DTCC is an investor in Digital Asset and participated in a $60 million fundraising the tech company completed in January. Bodson is also a member of the company’s board of directors.
Bodson opened the discussion by directly addressing the disruptive technology aspect of blockchain and its potential impact on the industry, jokingly asking if executives at financial intermediaries like DTCC should be concerned about job security in the future. Masters said that with trillions of dollars in existing assets, financial services incumbents would continue to have an important role in the future.
“The reality is that there are existing entities and infrastructure providers that have responsibility, which in many cases is actually enshrined in the law, over maintaining clean title and custody to those assets,” Masters said. “Building bridges and tunnels to connect existing assets into a digital rendition is important. Those bridges and tunnels into and out of the new digital world have to link to the world of the status quo, or we will end up with exactly the situation where you have fragmentation of markets and even more complexity.”
Industry fragmentation and the need for collaboration were common themes throughout the Symposium. Bodson referenced Digital Assets’ efforts to bring blockchain to the Australian Securities Exchange (ASX) and the Australian marketplace, asking Masters whether she thought the U.S. could generate a similar level of partnership to successfully implement solutions.

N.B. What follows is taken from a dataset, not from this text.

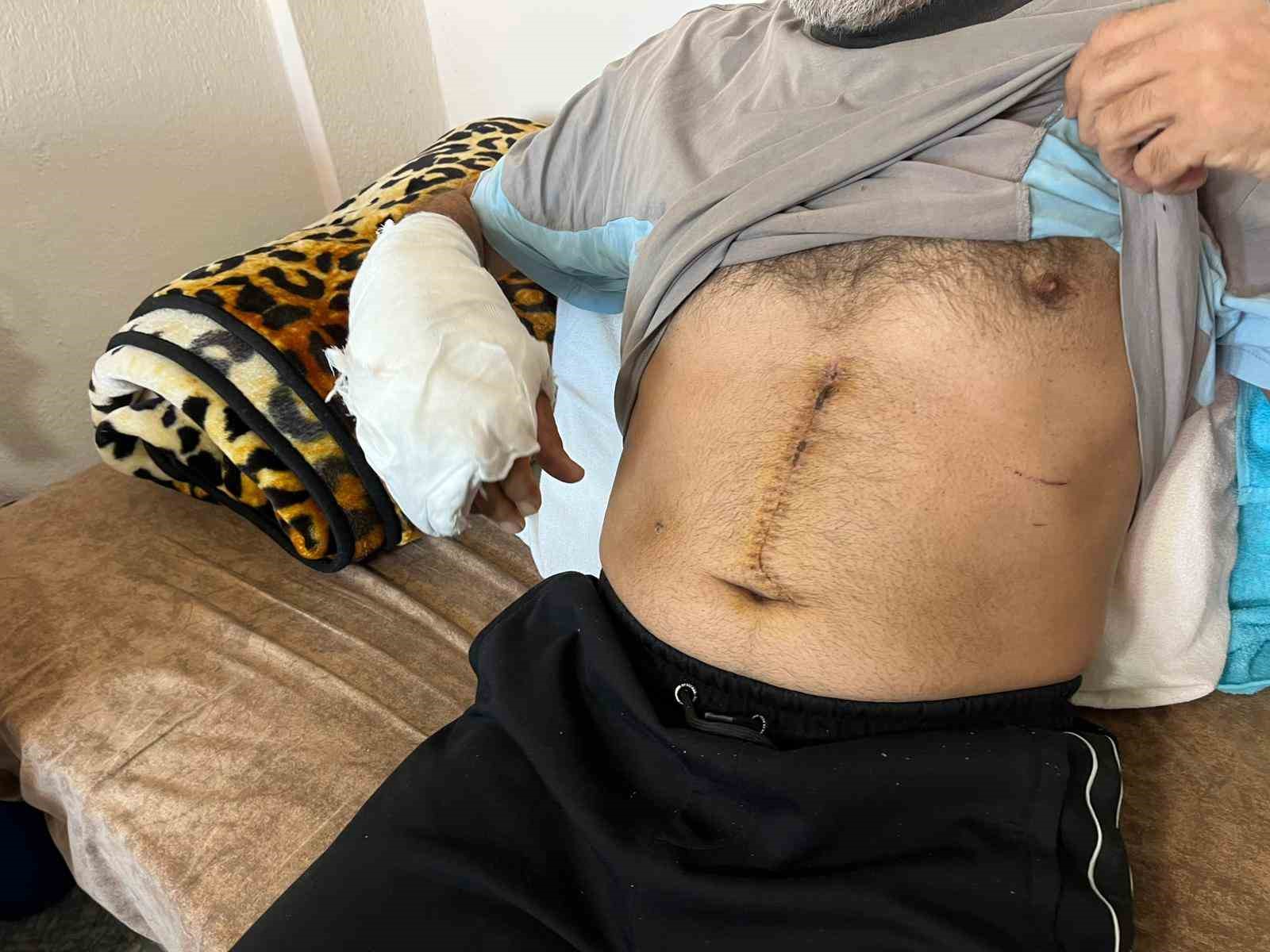 Almanya’dan cinayet için gelmiş: Ablasını öldürdü eniştesini ağır yaraladı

“You said one of the advantages of Australia is that it is not a fragmented infrastructure, somewhat implying we have a more fragmented infrastructure,” Bodson said. “But all day long, we have talked about the need for cooperation and how this is a technology that will work if the industry bands together around it. Do we have a chance?”
Regardless of the good intentions of industry participants, Masters said, getting started is always difficult—just setting the standards—until people actually begin trying to use a technology.
“Everybody correctly cites lack of standardization, or the challenge of reaching standards, as an obstacle, and that’s correct. But I believe that without trying, you don’t have the ingredients that will propel organizations to create forums to reach standards,” Masters said. “We’ve seen during the course of the last year to 18 months the first serious undertakings in terms of multi-party trials of this technology, albeit in a mostly experimental context.”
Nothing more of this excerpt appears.